▶ To do:
Line by line, the data below should be set down unchanged, with images excluded.

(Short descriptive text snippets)
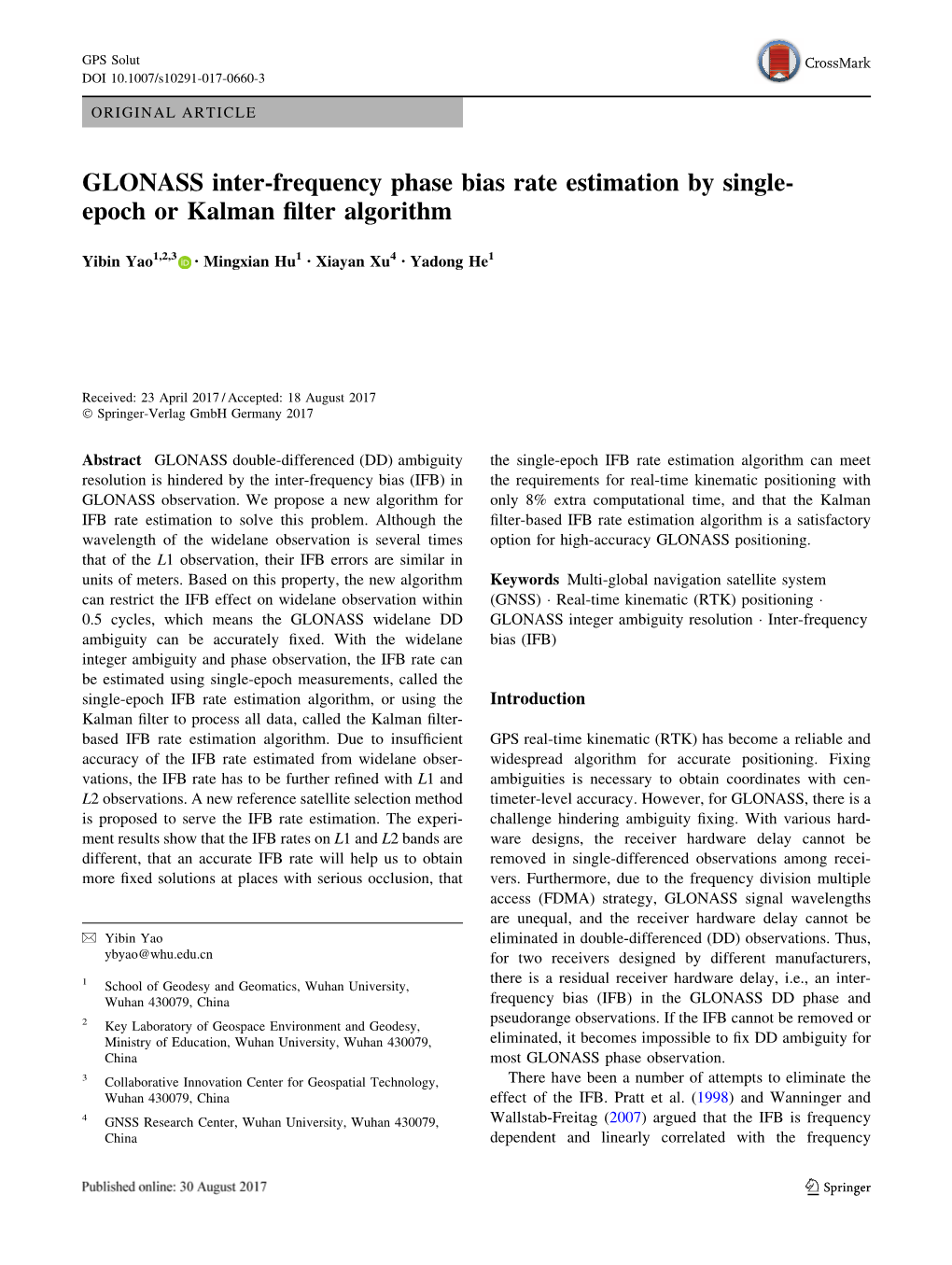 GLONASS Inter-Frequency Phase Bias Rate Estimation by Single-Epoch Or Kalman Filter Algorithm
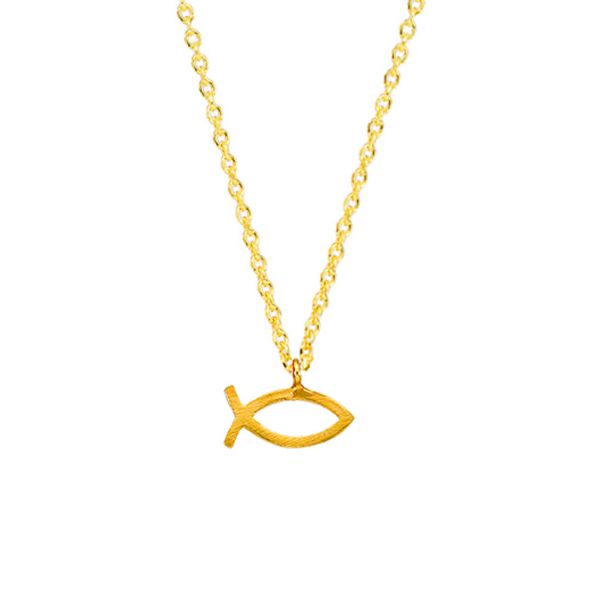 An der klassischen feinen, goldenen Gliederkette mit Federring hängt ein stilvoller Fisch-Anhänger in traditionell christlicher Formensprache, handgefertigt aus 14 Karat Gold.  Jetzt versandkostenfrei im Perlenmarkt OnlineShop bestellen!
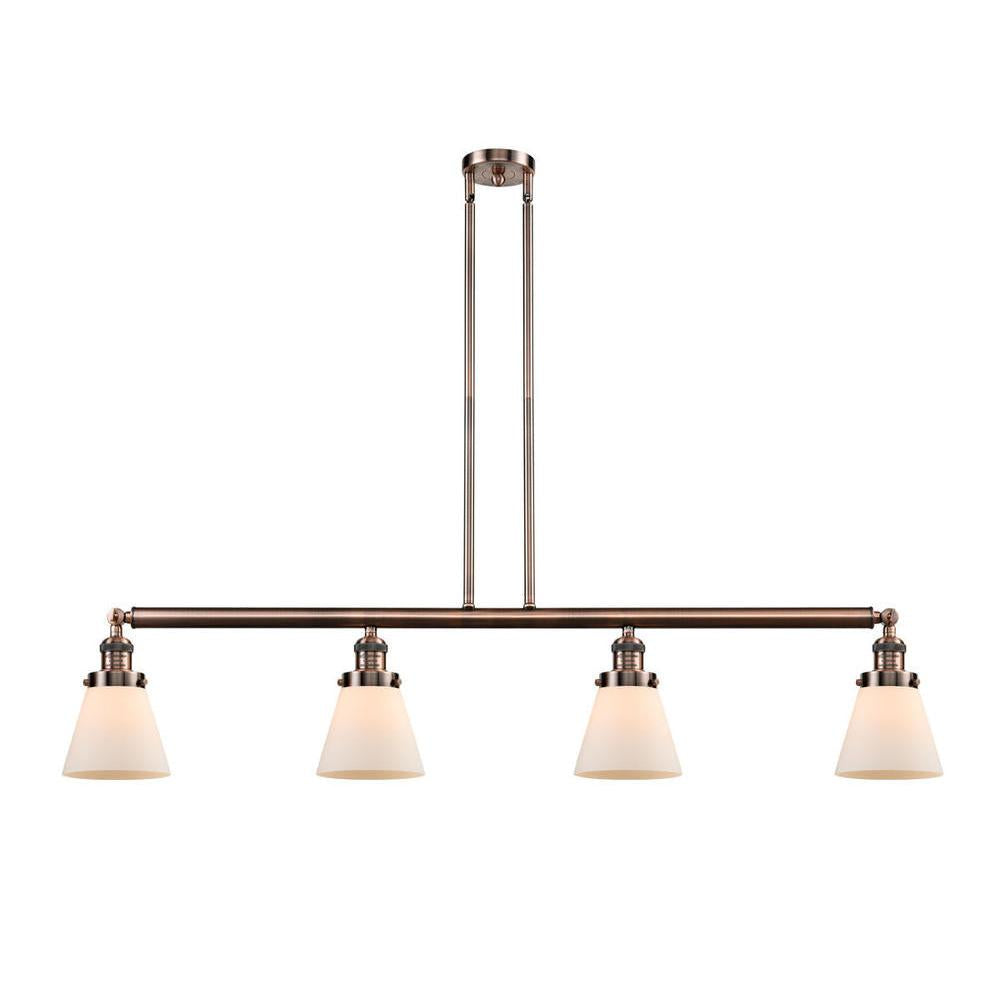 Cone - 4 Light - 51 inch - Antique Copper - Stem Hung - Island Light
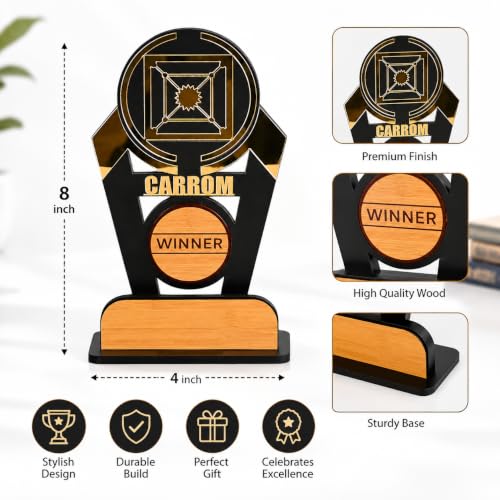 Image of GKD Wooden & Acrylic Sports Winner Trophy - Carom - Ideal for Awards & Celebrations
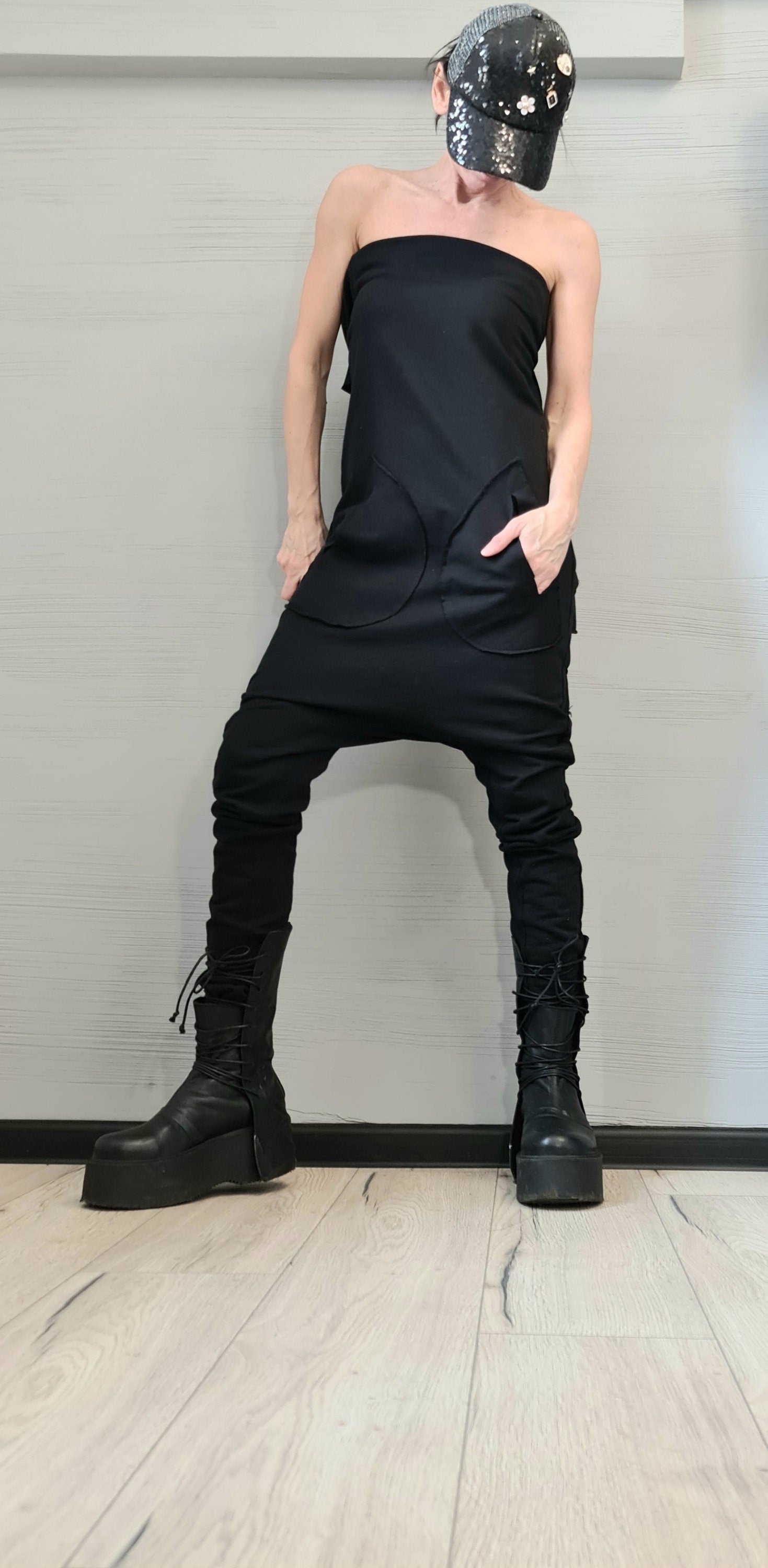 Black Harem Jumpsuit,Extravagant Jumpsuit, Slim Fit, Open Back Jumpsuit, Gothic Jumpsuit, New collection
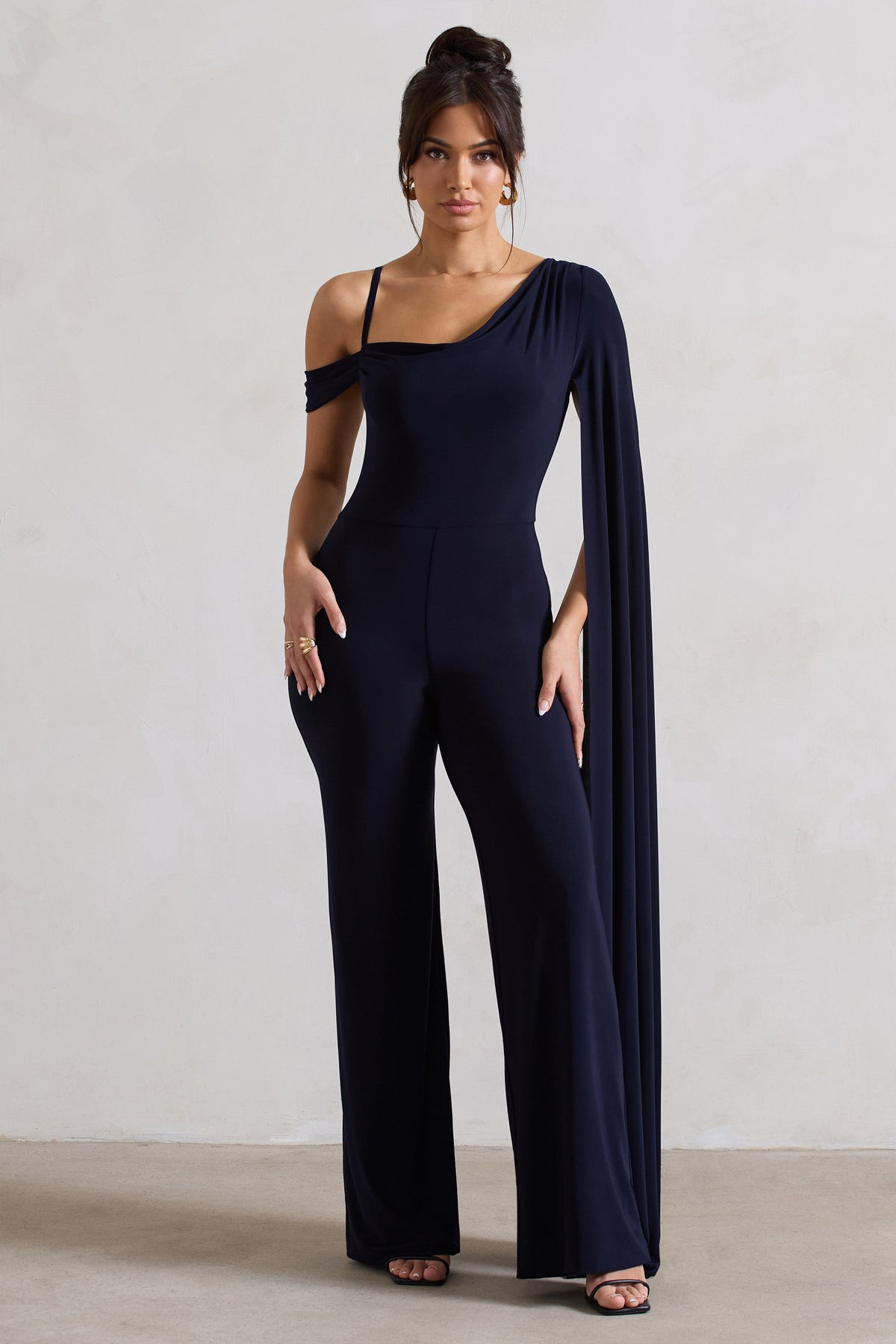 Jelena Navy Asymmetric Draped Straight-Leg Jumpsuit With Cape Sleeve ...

▶ Response to this exercise:
 GLONASS Inter-Frequency Phase Bias Rate Estimation by Single-Epoch Or Kalman Filter Algorithm
 An der klassischen feinen, goldenen Gliederkette mit Federring hängt ein stilvoller Fisch-Anhänger in traditionell christlicher Formensprache, handgefertigt aus 14 Karat Gold.  Jetzt versandkostenfrei im Perlenmarkt OnlineShop bestellen!
 Cone - 4 Light - 51 inch - Antique Copper - Stem Hung - Island Light
 Image of GKD Wooden & Acrylic Sports Winner Trophy - Carom - Ideal for Awards & Celebrations
 Black Harem Jumpsuit,Extravagant Jumpsuit, Slim Fit, Open Back Jumpsuit, Gothic Jumpsuit, New collection
 Jelena Navy Asymmetric Draped Straight-Leg Jumpsuit With Cape Sleeve ...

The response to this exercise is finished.